* _Task instructions_: The listing below holds pictures; exclude them. Return exactly the lines from the one with "Tropical Oasis - Brain" through the one with "Kalia A16 Private".

* _Provided entries_:
- Opening Delimiter -
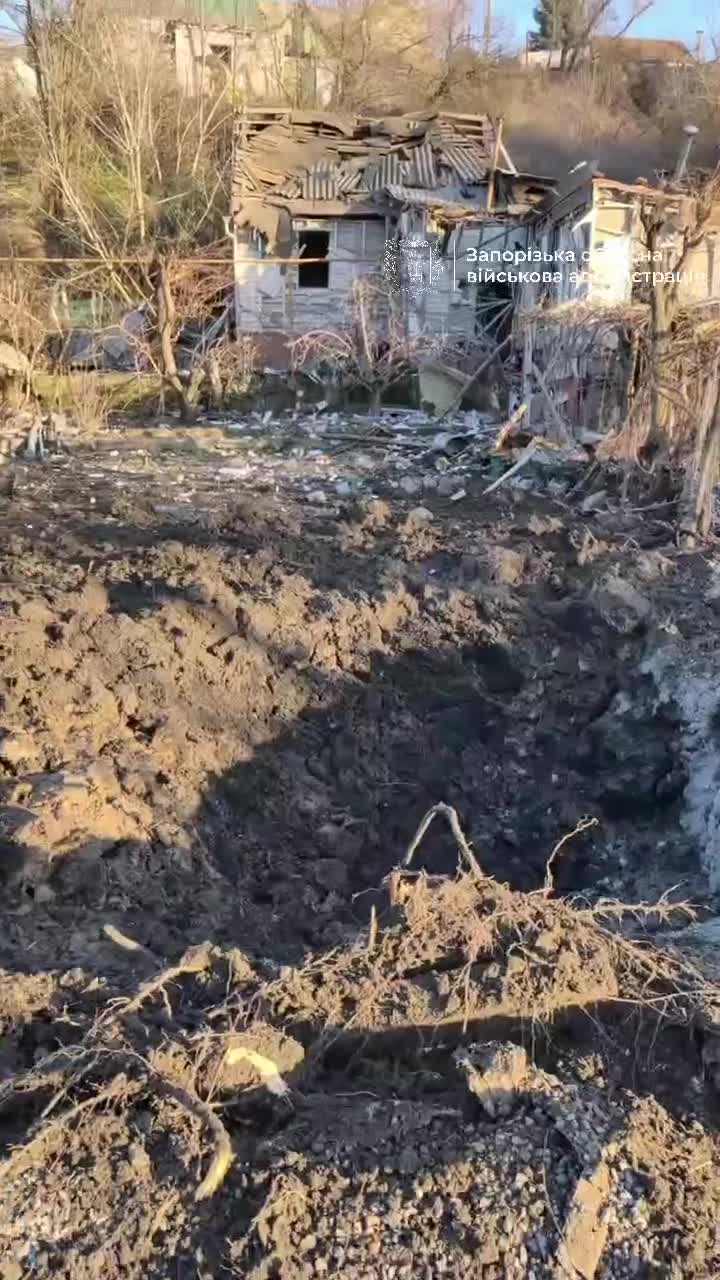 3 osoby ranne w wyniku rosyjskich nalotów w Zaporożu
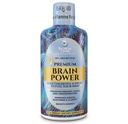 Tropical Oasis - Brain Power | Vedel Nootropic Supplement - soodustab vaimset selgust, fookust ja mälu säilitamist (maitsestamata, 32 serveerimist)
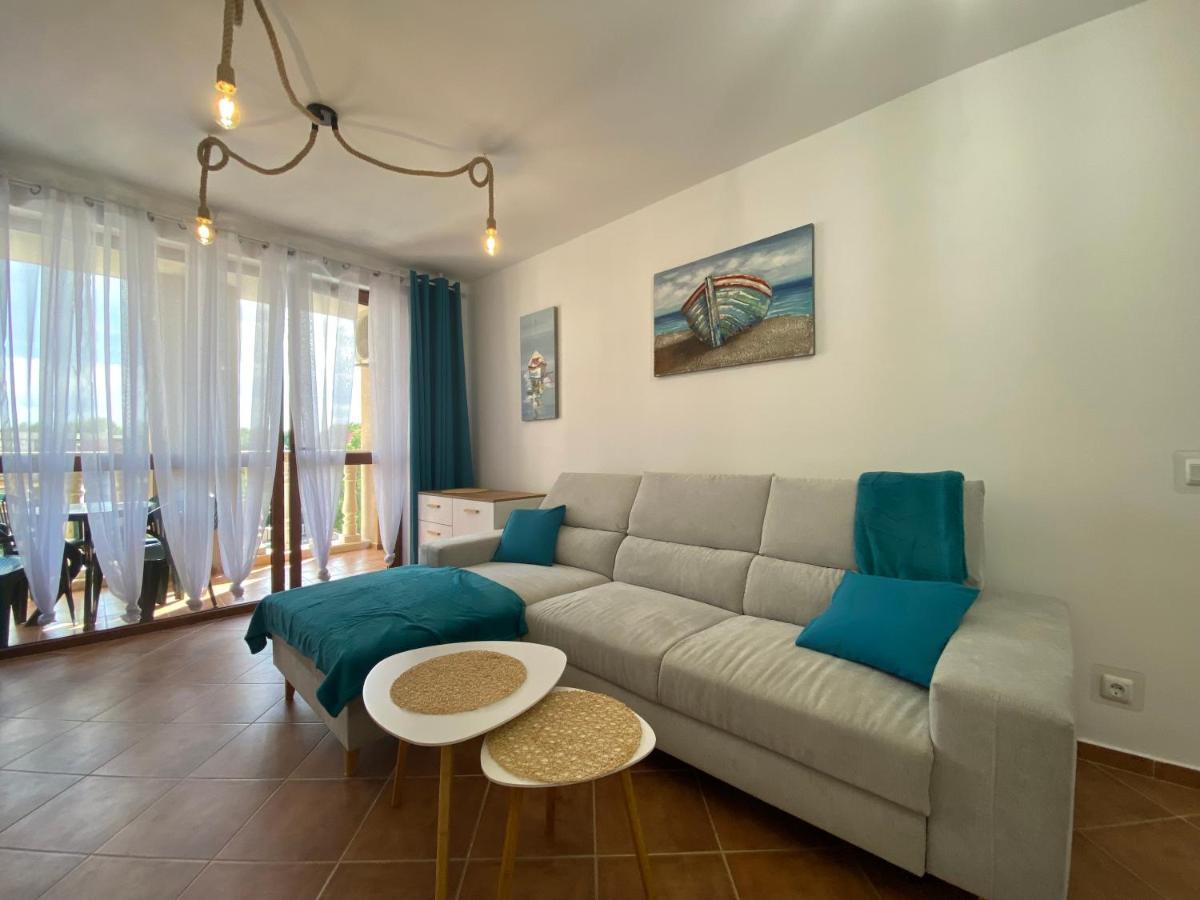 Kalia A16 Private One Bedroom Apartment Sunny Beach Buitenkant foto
- Closing Delimiter -
- Opening Delimiter -
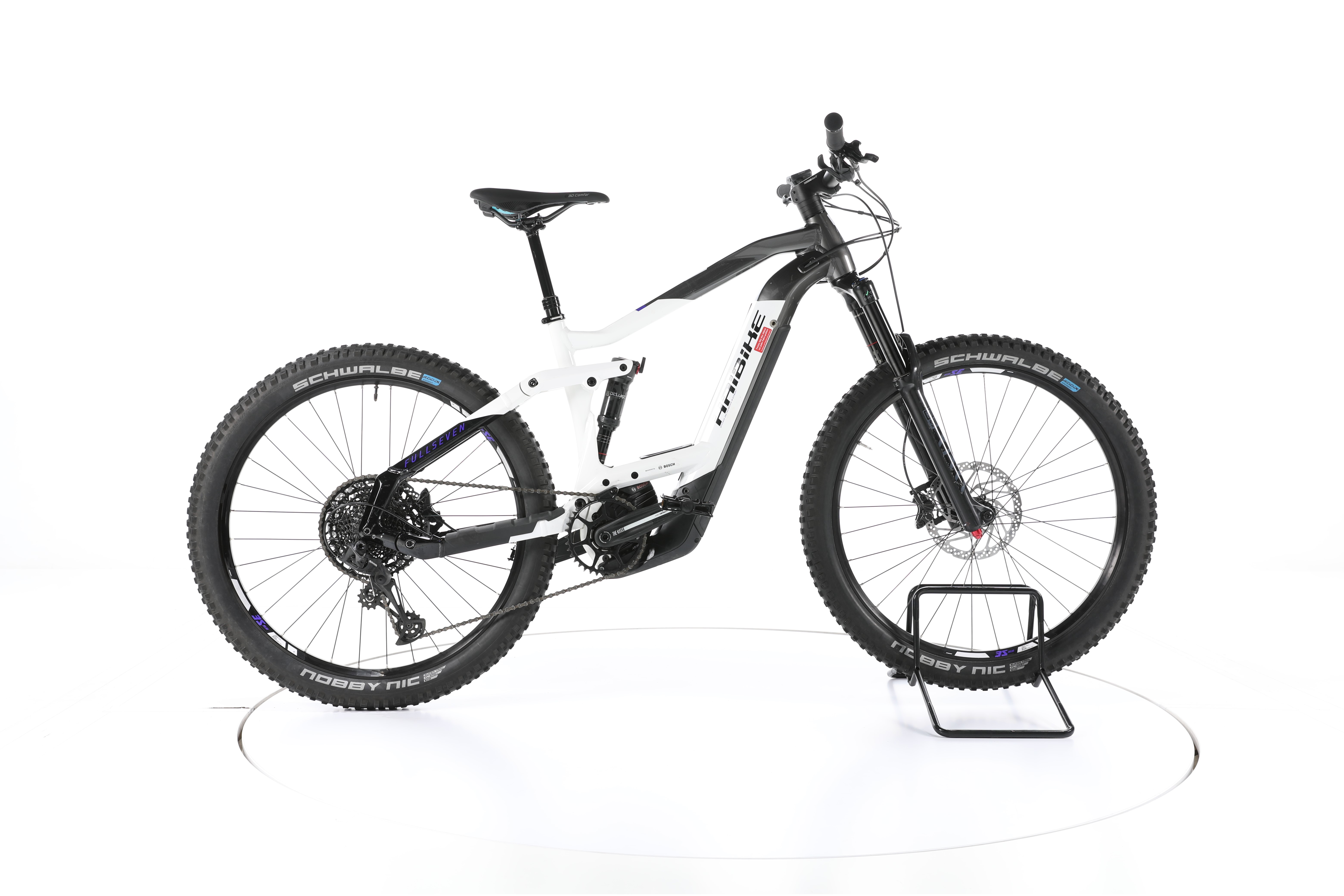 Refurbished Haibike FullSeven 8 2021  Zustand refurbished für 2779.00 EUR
- Closing Delimiter -
- Opening Delimiter -
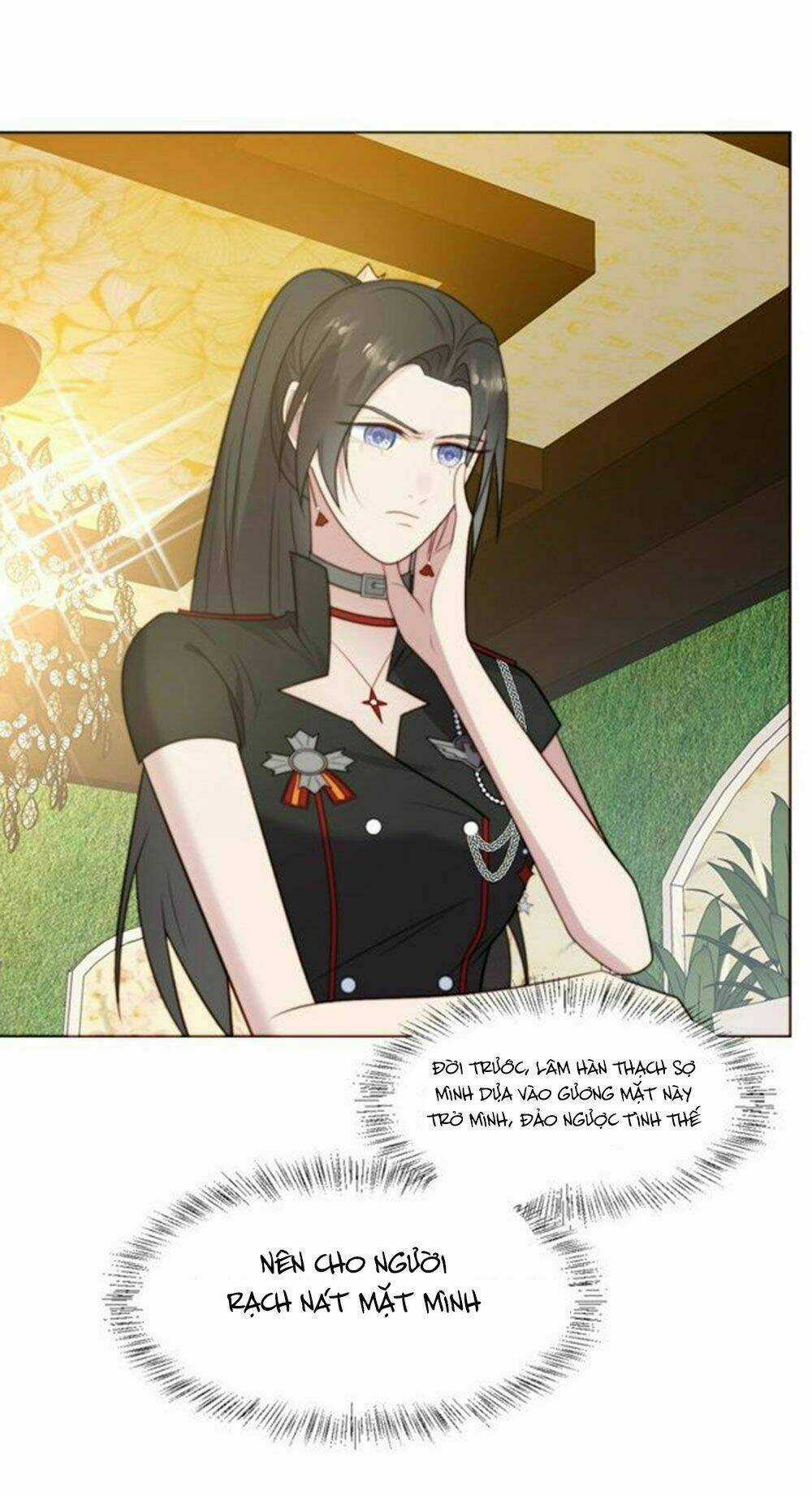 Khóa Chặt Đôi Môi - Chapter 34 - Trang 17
- Closing Delimiter -
* _Result for this exercise_:
 Tropical Oasis - Brain Power | Vedel Nootropic Supplement - soodustab vaimset selgust, fookust ja mälu säilitamist (maitsestamata, 32 serveerimist)
 Kalia A16 Private One Bedroom Apartment Sunny Beach Buitenkant foto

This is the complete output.